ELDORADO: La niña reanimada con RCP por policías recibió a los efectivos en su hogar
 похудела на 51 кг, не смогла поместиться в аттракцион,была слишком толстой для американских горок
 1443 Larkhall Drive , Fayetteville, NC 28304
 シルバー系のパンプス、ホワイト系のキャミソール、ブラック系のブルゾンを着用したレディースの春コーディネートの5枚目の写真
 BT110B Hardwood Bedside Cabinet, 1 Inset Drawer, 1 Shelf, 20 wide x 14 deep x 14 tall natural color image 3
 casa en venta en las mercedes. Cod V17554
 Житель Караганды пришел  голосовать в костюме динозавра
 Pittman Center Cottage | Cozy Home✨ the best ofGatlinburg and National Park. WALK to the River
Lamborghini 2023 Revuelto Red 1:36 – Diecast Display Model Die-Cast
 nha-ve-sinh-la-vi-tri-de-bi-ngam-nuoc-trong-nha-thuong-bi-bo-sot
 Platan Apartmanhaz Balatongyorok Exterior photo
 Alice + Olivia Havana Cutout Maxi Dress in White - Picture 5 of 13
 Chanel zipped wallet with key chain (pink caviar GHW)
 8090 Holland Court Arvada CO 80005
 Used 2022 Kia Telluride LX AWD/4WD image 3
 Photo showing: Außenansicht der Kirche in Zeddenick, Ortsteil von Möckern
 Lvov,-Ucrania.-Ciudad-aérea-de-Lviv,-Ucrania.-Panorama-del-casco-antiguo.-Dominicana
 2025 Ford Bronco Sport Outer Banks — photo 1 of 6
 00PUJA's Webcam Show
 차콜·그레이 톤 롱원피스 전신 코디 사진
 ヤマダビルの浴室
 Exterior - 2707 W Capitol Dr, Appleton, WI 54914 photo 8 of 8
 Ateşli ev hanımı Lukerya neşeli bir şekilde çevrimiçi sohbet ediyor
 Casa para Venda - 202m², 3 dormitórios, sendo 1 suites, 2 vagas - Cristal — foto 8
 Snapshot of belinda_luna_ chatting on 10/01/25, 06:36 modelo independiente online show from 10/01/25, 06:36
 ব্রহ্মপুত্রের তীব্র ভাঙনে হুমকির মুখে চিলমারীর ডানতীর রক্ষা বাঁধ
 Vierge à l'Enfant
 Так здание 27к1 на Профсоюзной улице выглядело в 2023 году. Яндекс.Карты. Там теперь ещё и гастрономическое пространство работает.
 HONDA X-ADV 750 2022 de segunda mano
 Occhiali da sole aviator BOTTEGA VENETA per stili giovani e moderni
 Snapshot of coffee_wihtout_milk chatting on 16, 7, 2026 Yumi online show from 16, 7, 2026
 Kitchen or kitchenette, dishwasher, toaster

---*---

- **Requirement**
Leave out every line before the one containing "2025 Ford Bronco"; set down that line and all remaining lines of the material exactly.

- **Result of the task**
 2025 Ford Bronco Sport Outer Banks — photo 1 of 6
 00PUJA's Webcam Show
 차콜·그레이 톤 롱원피스 전신 코디 사진
 ヤマダビルの浴室
 Exterior - 2707 W Capitol Dr, Appleton, WI 54914 photo 8 of 8
 Ateşli ev hanımı Lukerya neşeli bir şekilde çevrimiçi sohbet ediyor
 Casa para Venda - 202m², 3 dormitórios, sendo 1 suites, 2 vagas - Cristal — foto 8
 Snapshot of belinda_luna_ chatting on 10/01/25, 06:36 modelo independiente online show from 10/01/25, 06:36
 ব্রহ্মপুত্রের তীব্র ভাঙনে হুমকির মুখে চিলমারীর ডানতীর রক্ষা বাঁধ
 Vierge à l'Enfant
 Так здание 27к1 на Профсоюзной улице выглядело в 2023 году. Яндекс.Карты. Там теперь ещё и гастрономическое пространство работает.
 HONDA X-ADV 750 2022 de segunda mano
 Occhiali da sole aviator BOTTEGA VENETA per stili giovani e moderni
 Snapshot of coffee_wihtout_milk chatting on 16, 7, 2026 Yumi online show from 16, 7, 2026
 Kitchen or kitchenette, dishwasher, toaster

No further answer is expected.